Correlation between SNRPB and immune cell infiltration in HCC. (A) Correlation between SNRPB expression and immunity cells. (B) Correlation between SNRPB expression and checkpoints. (C) Correlation between SNRPB expression and immune inhibitors. (D) Correlation between SNRPB expression and chemokines. (E) SNRPB expression in different HCC immune subtypes. (C1 (wound healing), C2 (IFN-gamma dominant), C3 (inflammatory), and C4 (lymphocyte depleted)). (F) Correlation between SNRPB expression and immune stroma score.

Figure 2. Correlation between SNRPB and immune cell infiltration in HCC. (A) Correlation between SNRPB expression and immunity cells. (B) Correlation between SNRPB expression and checkpoints. (C) Correlation between SNRPB expression and immune inhibitors. (D) Correlation between SNRPB expression and chemokines. (E) SNRPB expression in different HCC immune subtypes. (C1 (wound healing), C2 (IFN-gamma dominant), C3 (inflammatory), and C4 (lymphocyte depleted)). (F) Correlation between SNRPB expression and immune stroma score.

Single cell RNA sequencing analysis of SNRPB

t-distributes stochastic neighbor embedding (t-SNE) analysis showed that a total of 44 cell clusters were obtained from 10 HCC samples and 8 normal samples (Figure 3A). The cell clusters were annotated according to cluster-specific marker genes, and the 44 cell clusters were divided into 10 cell types, including HCC or normal epithelial cells, natural killer (NK) cells and plasma cells (Figure 3B). The specific marker genes expression of 10 cell types were visualized (Figure 3C). Compared with normal epithelial cells, SNRPB was significantly higher expressed in HCC cells (Figure 3D), and SNRPB was expressed in all 10 cell types, with the highest expression level in NK cells and the lowest expression level in plasma cells (Figure 3E).

Single cell RNA sequencing analysis of SNRPB. (A, B) t-SNE dimensionality reduction. (C) Bubble plot showing the expression levels of cluster-specific marker genes. The size of the dots represents the percent of expressed cells, and the color of the dots represents the average expression levels. (D) The expression levels of SNRPB in HCC cells and normal epithelial cells. (E) The expression levels of SNRPB in 10 cell types.

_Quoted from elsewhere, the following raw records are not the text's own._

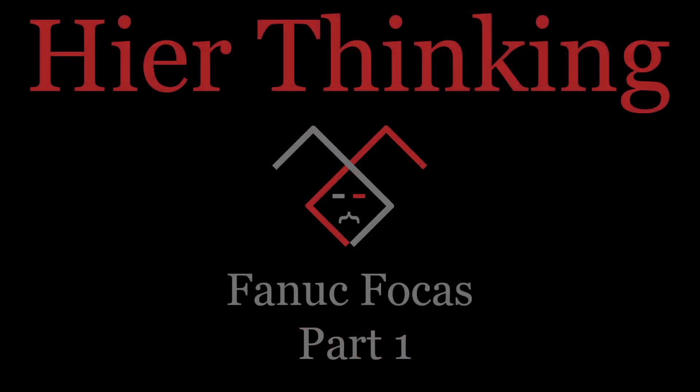Hey everyone, welcome to the first video in the FANUC tutorial series. In this series we're going to cover everything from the different connection methods to pulling information from the controller using C-sharp.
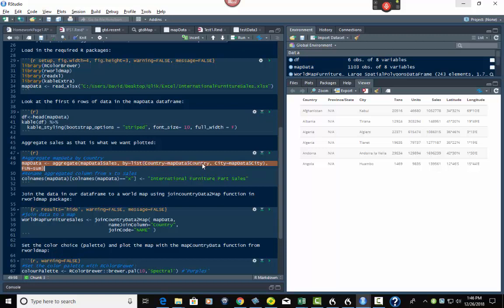We're grouping by=list(country=MapData$Country, city=MapData$City). If you look at the actual data, we have country, city, sales, latitude, longitude, transactions, and units. We could also summarize by transactions or units. Once you aggregate, the sum column is automatically named X by default. If I had two sum fields it would be X and Y; three would be X, Y, Z, and so on.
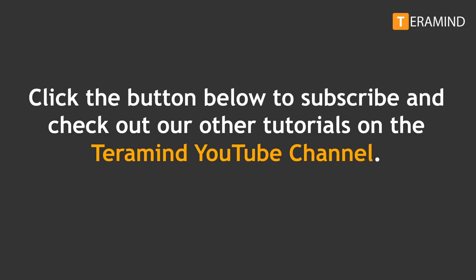If you enjoyed this video click on the subscribe button below to view other tutorials from the Teramind YouTube channel.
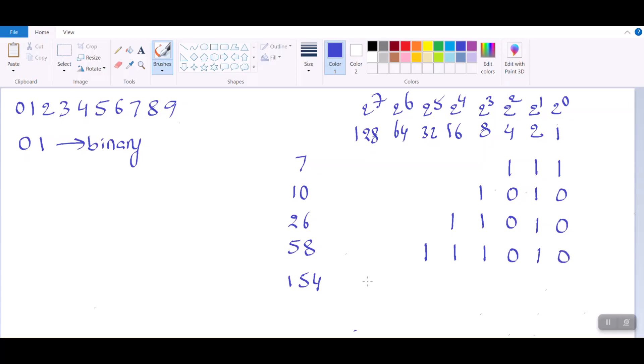For 154: definitely 128 we can have, 64 cannot, 32 cannot, then 16 — that gives us 144 — and then we need 10 more, which is 8 plus 2. So positions 128, 16, 8, and 2 are 1, the rest are 0. This is how you convert a decimal number to the binary system.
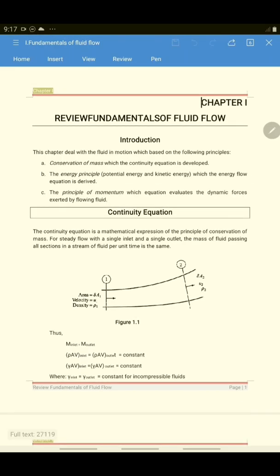Hello class, good morning. Our lesson for today is about the review of fluid fundamentals, and the references of this topic will be viewed at the end of chapter 1. In this chapter, we are going to recall what you have learned in fluid mechanics — the principles of fluid in motion.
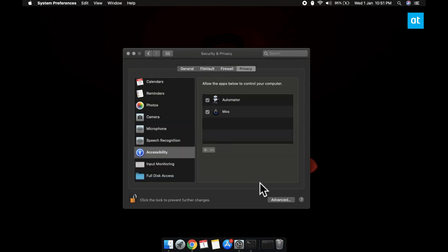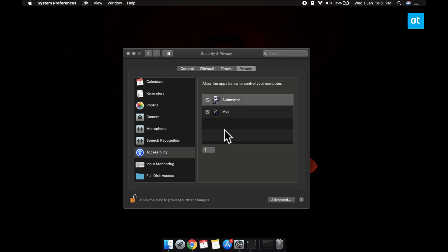Anytime you want to revoke access, what you have to do is again visit the same panel and either uncheck this checkbox here or select the app and then click this minus button.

Figure 3. Single cell RNA sequencing analysis of SNRPB. (A, B) t-SNE dimensionality reduction. (C) Bubble plot showing the expression levels of cluster-specific marker genes. The size of the dots represents the percent of expressed cells, and the color of the dots represents the average expression levels. (D) The expression levels of SNRPB in HCC cells and normal epithelial cells. (E) The expression levels of SNRPB in 10 cell types.

t-SNE analysis showed that SNRPB was expressed in all 10 cell types (Figure 4A). HCC cells were divided into two subsets, HCC cells with high expression of SNRPB (HCC_SNRPB_High) and HCC cells with low expression of SNRPB (HCC_SNRPB_Low) (Figure 4B). The SNRPB expression in HCC_SNRPB_High cell subset was significantly higher than that in HCC_SNRPB_Low cell subset (p < 0.001) (Figure 4C). SNRPB expression in HCC cells at stage III-IV was significantly higher than that in HCC cells at stage I-II (p < 0.001), which was consistent with our previous results (Figure 4D). In addition, the proportion of HCC_SNRPB_High cell subset in stage III-IV HCC cells was higher than that in stage I-II HCC cells (Figure 4E). These results show that SNRPB expression is positively correlated with HCC stages. The differential expression analysis of HCC_SNRPB_High and HCC_SNRPB_Low cell subsets indicated that the expression levels of CDK1, CDK4, CCNB1, CDK2, CDK5, CDK6, CCNE1, ANAPC1 and ANAPC2, which promote cell cycle, in HCC_SNRPB_High cell subset were all higher than those in HCC_SNRPB_Low cell subset (Figure 4F). These findings indicate that the high expression of SNRPB promotes HCC progression may be related to cell cycle. The expression levels of NOX4, NOXA1, NOXO1 and PDZKIP1, which promote oxidative stress, were lower in HCC_SNRPB_High cell subset than in HCC_SNRPB_Low cell subset. The expression levels of SOD3, CAT, GPX7, GPX8, BRCA1, MYC, GCLM, GSTM3, AIFM2, HMOX1, CISD1, NQO1, TXNRD1, PRDX1, G6PD, PHGDH and ME1, which inhibit oxidative stress, were higher in HCC_SNRPB_High cell subset than in HCC_SNRPB_Low cell subset (Figure 4G). These findings indicate that SNRPB affects the progression of HCC may be related to oxidative stress. The expression levels of NCOA4, TF and IDH1, which promote ferroptosis, were lower in HCC_SNRPB_High cell subset than in HCC_SNRPB_Low cell subset. The expression levels of GPX4, SLCA11, RPL8, EMC2, G6PD, PGD, VDAC2, ATF3, and TNFAIP3, which inhibit ferroptosis, were higher than those in HCC_SNRPB_Low cell subset (Figure 4H). These findings indicate that SNRPB affects the progression of HCC and may also be related to ferroptosis.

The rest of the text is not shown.